Keeping speed in rough water on Lake Ontario while trolling for trout and salmon can be quite challenging. The constant bouncing and side to side swaying reeks havick with our speed sensing devices. In this article, we will discuss the technique we use to combat these situations.

keeping speed in rough water produces nice catches

Instrument Problems in Rough Water

As you may well know, we’re a big fan of the Fishhawk X4D system. Most of the time , this unit is spot on and gives accurate readings. Not so much, however, in rough water, especially when bouncing up and down fishing in 4 foot plus waves. Tightly packed three foot waves out of the northeast also create problems. So what are we to do?

Setting Vessel Propulsion

The first step and most important one is setting up your motor or motors on your vessel to their most forgiving state. On our Ace Charters II vessel, its most forgiving state when trolling into rough oncoming waves is with both motors engaged in gear. This does two things. First, it takes a lot of the rock and roll out of the boat. Because both propellers are rotating, they create more surface area that’s pushing and harder to displace. Second, because the boat is more stable and less rocky when running both propellers, speed is inherently more stable. Boats with single screw motors and kicker outboards, will do much better going into the waves with the larger propeller of the inboard or I/O spinning.

Trolling Bags

When traveling with the waves, we switch back to one engine. Those with kicker outboards can switch back to them, too! Speed variation is much easier to control going down wind with the waves. Depending on your boat, trolling bags may be another option to slow your speed down, if need be. Deploying bag(s) also has an added benefit of dampening the side to side rocking of the boat. Just remember to pull bags before you begin to turn.

Speed Gauges

There are three speed gauges available on most serious fishing boats trolling Lake Ontario. They are “Speed Over Ground” (SOG) via gps, “Speed Through Water” (STW) via paddle wheel, and “Down Speed” via the Fishhawk or whatever Down speed and temp unit you happen to have.

Overcome Inaccuracies

The only problem I have with the Fishhawk X4D is fishing in rough water especially, when going into them.
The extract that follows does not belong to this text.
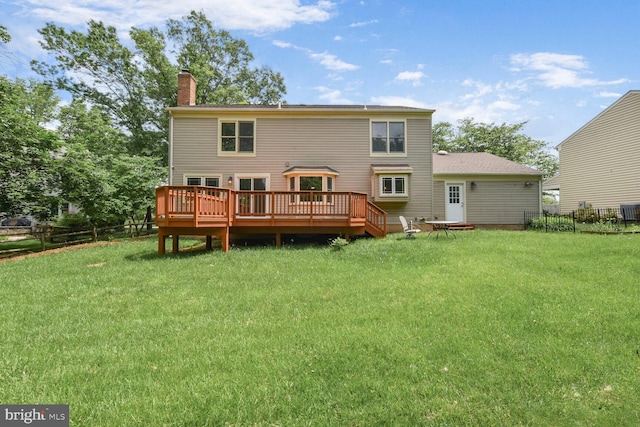 rear view of property with a chimney, a deck, and central air condition unit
The vertical up and down causes the Fishhawk to read nonsense numbers from time to time. However, there will be periods when it will read true. This is when you need to look at SOG and STW. The key is to use all three speed indicators to facilitate your speed control. Most importantly, what are your SOG and STW readings when the X4D is reading correctly. When the X4D goes nuts, watch and use your SOG and STW. At any one time, at least one of the three readings will be correct or as close to it as you will get.

All Together Now

Putting it all together allows keeping speed control in rough water doable. Set the boat propulsion to its most forgiving and stable state with proper motors. Deploy trolling bags when feasible. Use your SOG, STW, and Downspeed readings to your advantage. Watching your RPMs helps a bit, too.